→ Work order: Among the entries, find each line that includes the string "Filter" and list it.

Caption-style text data:
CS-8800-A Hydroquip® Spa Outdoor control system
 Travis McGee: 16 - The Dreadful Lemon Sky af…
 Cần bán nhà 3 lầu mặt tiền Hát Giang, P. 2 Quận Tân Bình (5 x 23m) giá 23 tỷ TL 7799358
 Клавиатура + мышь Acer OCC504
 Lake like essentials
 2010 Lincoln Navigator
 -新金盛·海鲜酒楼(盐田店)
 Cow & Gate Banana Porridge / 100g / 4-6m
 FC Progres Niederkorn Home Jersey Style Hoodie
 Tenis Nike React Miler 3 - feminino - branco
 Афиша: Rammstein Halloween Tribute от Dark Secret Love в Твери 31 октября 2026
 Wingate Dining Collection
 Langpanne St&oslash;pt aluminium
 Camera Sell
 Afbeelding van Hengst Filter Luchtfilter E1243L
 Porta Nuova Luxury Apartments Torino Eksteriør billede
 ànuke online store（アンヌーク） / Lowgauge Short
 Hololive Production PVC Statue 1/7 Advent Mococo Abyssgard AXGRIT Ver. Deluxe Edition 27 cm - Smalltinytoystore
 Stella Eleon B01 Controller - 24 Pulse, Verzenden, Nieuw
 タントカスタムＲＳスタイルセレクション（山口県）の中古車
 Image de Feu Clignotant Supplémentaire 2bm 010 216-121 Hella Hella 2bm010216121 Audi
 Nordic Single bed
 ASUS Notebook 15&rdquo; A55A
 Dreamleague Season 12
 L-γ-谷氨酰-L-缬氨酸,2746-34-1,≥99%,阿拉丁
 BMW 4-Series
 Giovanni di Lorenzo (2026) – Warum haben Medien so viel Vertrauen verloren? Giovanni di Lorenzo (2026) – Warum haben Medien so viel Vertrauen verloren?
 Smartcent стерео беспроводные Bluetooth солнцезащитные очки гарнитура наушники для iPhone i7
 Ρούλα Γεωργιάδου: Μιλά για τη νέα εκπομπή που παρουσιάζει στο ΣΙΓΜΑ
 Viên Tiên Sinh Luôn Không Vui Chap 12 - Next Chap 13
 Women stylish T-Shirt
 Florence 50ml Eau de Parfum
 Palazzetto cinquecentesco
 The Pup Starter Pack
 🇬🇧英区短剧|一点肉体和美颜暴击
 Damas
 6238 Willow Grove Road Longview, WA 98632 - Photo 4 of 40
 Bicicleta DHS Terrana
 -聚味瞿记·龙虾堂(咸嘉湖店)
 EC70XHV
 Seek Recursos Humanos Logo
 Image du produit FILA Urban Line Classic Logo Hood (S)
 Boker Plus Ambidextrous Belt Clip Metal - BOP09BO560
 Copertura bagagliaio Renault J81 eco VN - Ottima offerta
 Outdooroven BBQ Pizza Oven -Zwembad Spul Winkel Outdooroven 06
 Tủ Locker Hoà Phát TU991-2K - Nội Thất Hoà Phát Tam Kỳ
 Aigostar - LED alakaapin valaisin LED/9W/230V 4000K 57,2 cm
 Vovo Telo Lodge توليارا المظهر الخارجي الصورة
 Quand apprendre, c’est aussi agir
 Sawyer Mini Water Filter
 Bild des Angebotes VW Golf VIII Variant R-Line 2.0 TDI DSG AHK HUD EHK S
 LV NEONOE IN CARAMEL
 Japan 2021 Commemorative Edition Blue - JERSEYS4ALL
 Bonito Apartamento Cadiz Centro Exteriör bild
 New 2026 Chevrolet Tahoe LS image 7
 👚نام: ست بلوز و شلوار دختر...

→ Reply:
 Afbeelding van Hengst Filter Luchtfilter E1243L
 Sawyer Mini Water Filter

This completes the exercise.